Broomball? ‘A silly game, when you think about it’ |

Broomball? ‘A silly game, when you think about it’

Colleen O’Neil

On the third week of December, the Carbondale Rodeo Grounds, flooded with water and frozen, transforms into the Gus Darien Ice Arena. Residents can play hockey or skate around the rink in slow circles while the Colorado sun shines. But on Wednesday and Friday nights, broomball reigns supreme.

The cold air smells festive – like beer, sweat and smoke. Shouts and laughter float across the parking dark lot. People, bundled in gloves and hats, huddle around a fire pit. Overhead lights shine down on the ice, turning it into a bright white pool. Where bulls and horses once wheeled, broomball players run across the ice in their tennis shoes, slipping and using long sticks to whack what looks like a small toy soccer ball across the ice.
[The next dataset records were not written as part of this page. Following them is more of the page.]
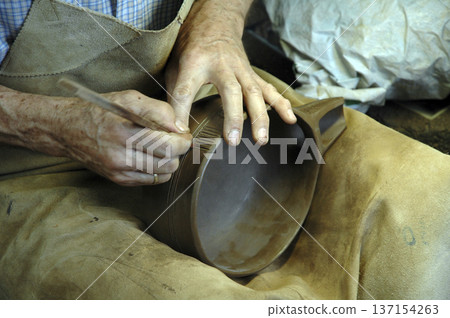 master craftsman working one of his creations master craftsman working one of his creations 137154263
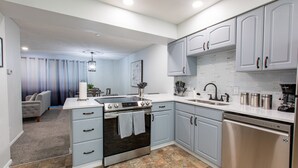 A modern kitchen with grey cabinets, stainless steel appliances, and a tiled backsplash. - Charming 4-bedroom Townhouse  25 min from Denver (Northglenn)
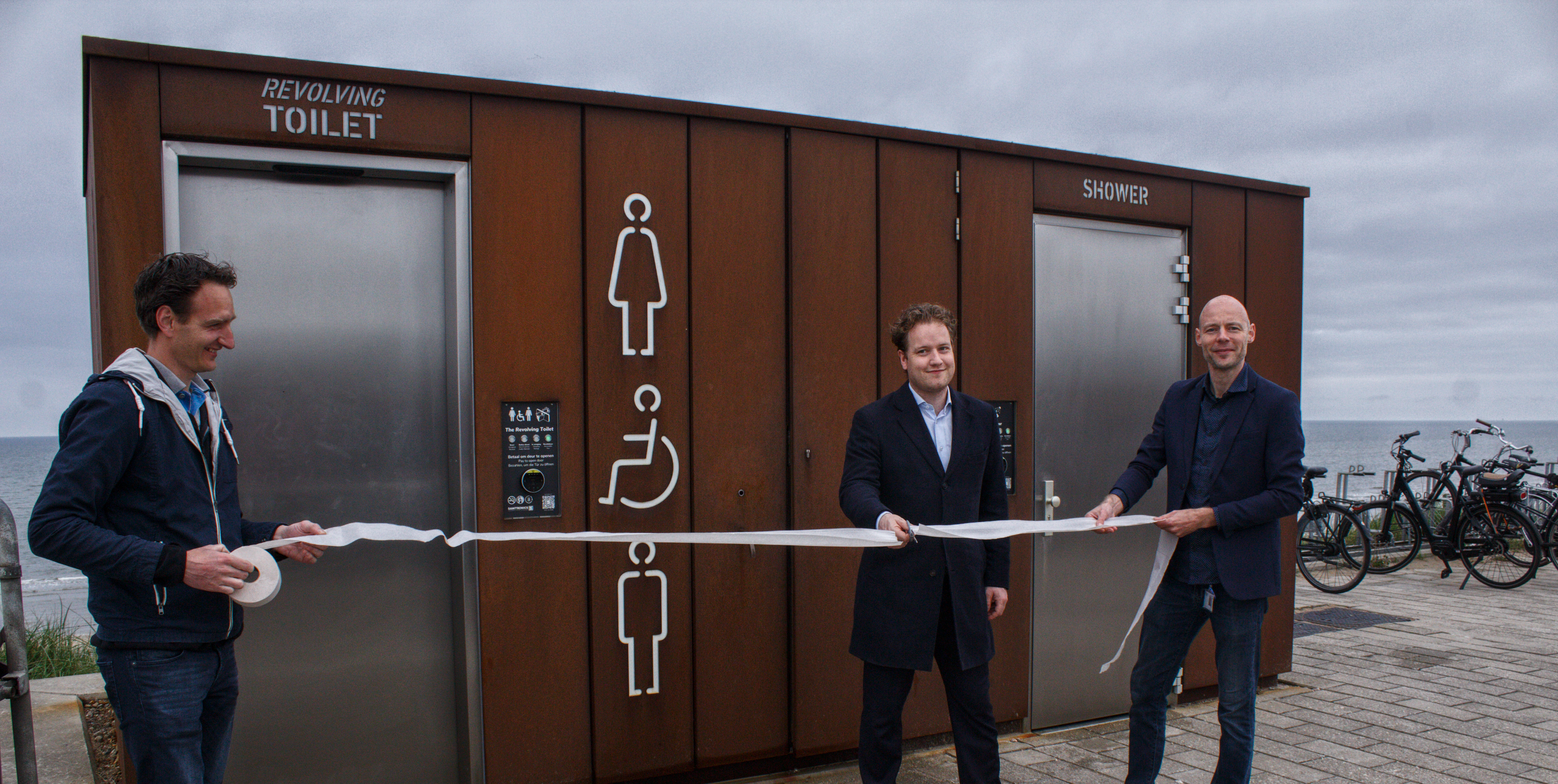 Inauguration officielle des toilettes pivotantes accessibles aux personnes en fauteuil roulant, équipées d'un double urinoir et d'une douche.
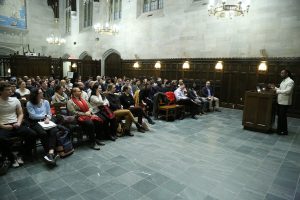 Ibram Kendi, Ph.D., speaks to a group from a podium at Tognino Hall.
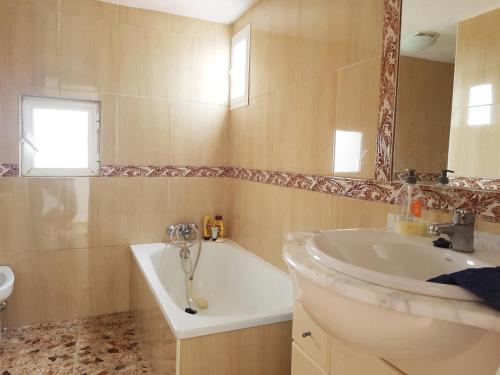 y baño con bañera, lavabo y espejo. en Quiet Getaway House in Alcala De Los Gazules, en Alcalá de los Gazules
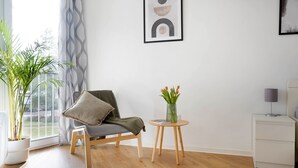 Un salon moderne avec un plancher en bois, un fauteuil gris, une petite table ronde ornée d’un vase de fleurs et une table de chevet blanche avec une lampe.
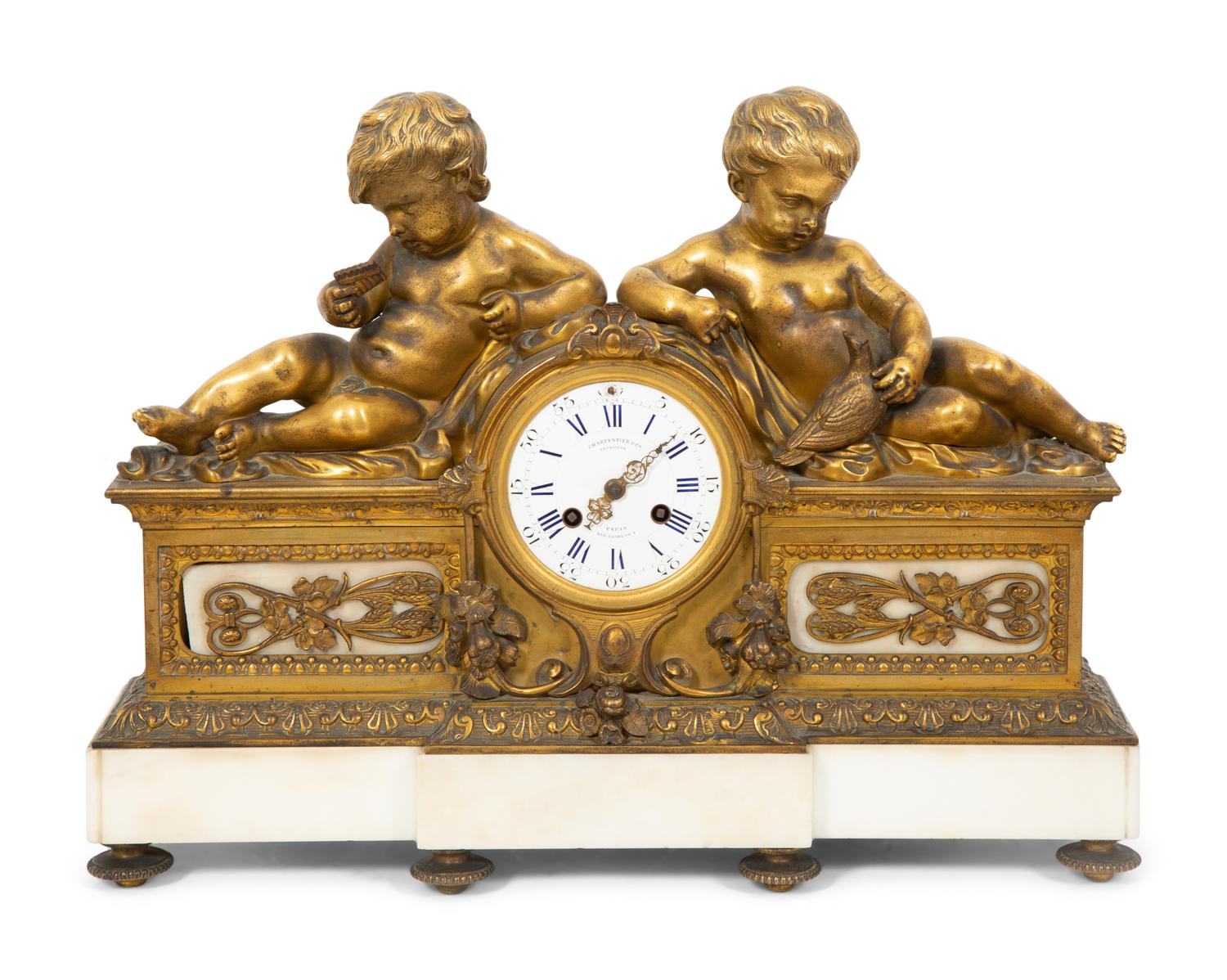 A Louis XV Style Gilt Bronze and Marble Mantel Clock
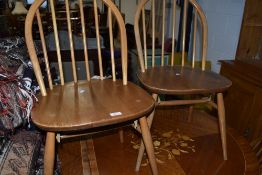 A set of of four beech hoop and stick back kitchen chairs, probably Ercol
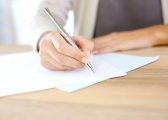 Employment Law image of person writing on a contract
The annual broomball tournament is an adults-only activity put on by the Carbondale Recreation and Community Center. This year there are six teams, each with at least six people. The game is played like hockey, but on tennis shoes instead of skates. The games have no referees – players call the shots. Games consist of two 18-minute halves.

Helmets are required, and players are urged to use an assortment of other protective gear, including elbow pads, wrist guards and knee pads. Players are decked out in shin guards and ski helmets, wearing their grippiest trail-running shoes or snow boots (spikes aren’t allowed). The CRCC recommends that players have insurance.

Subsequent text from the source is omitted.